Carnival Cruises started in 1972 with one used ship they called the Mardi Gras to be joined by another used ship, the Carnival three years later. In 1977, they added another used ship, the Festivale and received their first new ship, the Tropicale in 1982. The cruise line launched with their distinctive white livery trimmed in red and blue featuring their trademark “whale tail” smokestack.
Cruising used to be a form of travel for the rich and famous. Carnival using a blitz of television commercials showing younger clientele and made cruising affordable to the general public. Cruise ships are expensive to purchase so by starting with used vessels, Carnival was able to get their sea legs early.
The Fleet Today
Carnival Cruises now has over 120 vessels sailing around the world under its corporate umbrella. These ships sail under the lines of:
- Princess Cruises
- Holland America Line
- Costa Cruises
- P & O Cruises
- P & O Cruises
Carnival has three new ships ordered with the first, the new Mardi Gras arriving this year. This ship will be the first Carnival ship powered by LNG, it will feature a roller coaster and be the first ship in their new Excellence-Class (XL Class).

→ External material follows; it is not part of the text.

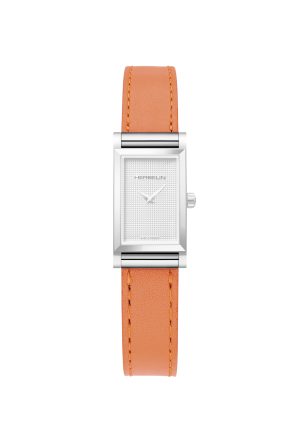 Bracelet Michel Herbelin Cuir Orange Boucle Ardillon  Acier Inoxydable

The Need For A Cash Infusion
Cruises at Carnival will have been suspended for many months depending on ship and destination before this is over. The current cruise suspensions include:
- All ships sailings through and including May 11, 2020
- All Alaska sailings through and including June 30, 2020
- All San Francisco sailings through 2020
- All Carnival Radiance sailings through and including November 1, 2020
- All Carnival Legend sailings through and including October 30, 2020
In addition to the lack of sailings, the cruise line is either refunding cruise fares or issuing credits for a future cruise.
During normal operations, Carnival spends a billion dollars per month for their total fleet operations. This will be reduced significantly by not buying fuel, not supplying the ships and laying off ship crews. Most cruise ship employees work on a monthly contract basis so these employee contracts were not renewed.
Paying The Price
The cruise industry was left out of the stimulus package so they are on their own to find funding. Carnival is obtaining cash by selling bonds and shares of stock. Financing cruise lines in the new environment makes investors more than just a little nervous. The financing package consists of:
- $500 million through a common stock offering,
- $4 billion from issuing senior secured notes and
- $1.75 billion through convertible notes.
The $4 billion in secured notes has a coupon rate of 11.5%. This rate is insane but who wants to invest in the cruise industry now? Investors are nervous about the long-term outlook for the cruise industry. How long will travel restrictions and social distancing stay the norm? The interest rate of the convertible notes is still costing Carnival 5.75%.
The cruise industry is truly in uncharted waters. No bookings translate into no revenue. The cruise industry can park ships, stop buying fuel, stop supplying ships and layoff crews but there are still costs. Nobody knows how long the industry will have to tread water because the duration of travel restrictions and social distancing is unknown at this time.
I’ll end with a parody of a famous movie line: “We’re going to need a bigger boat (of cash)”.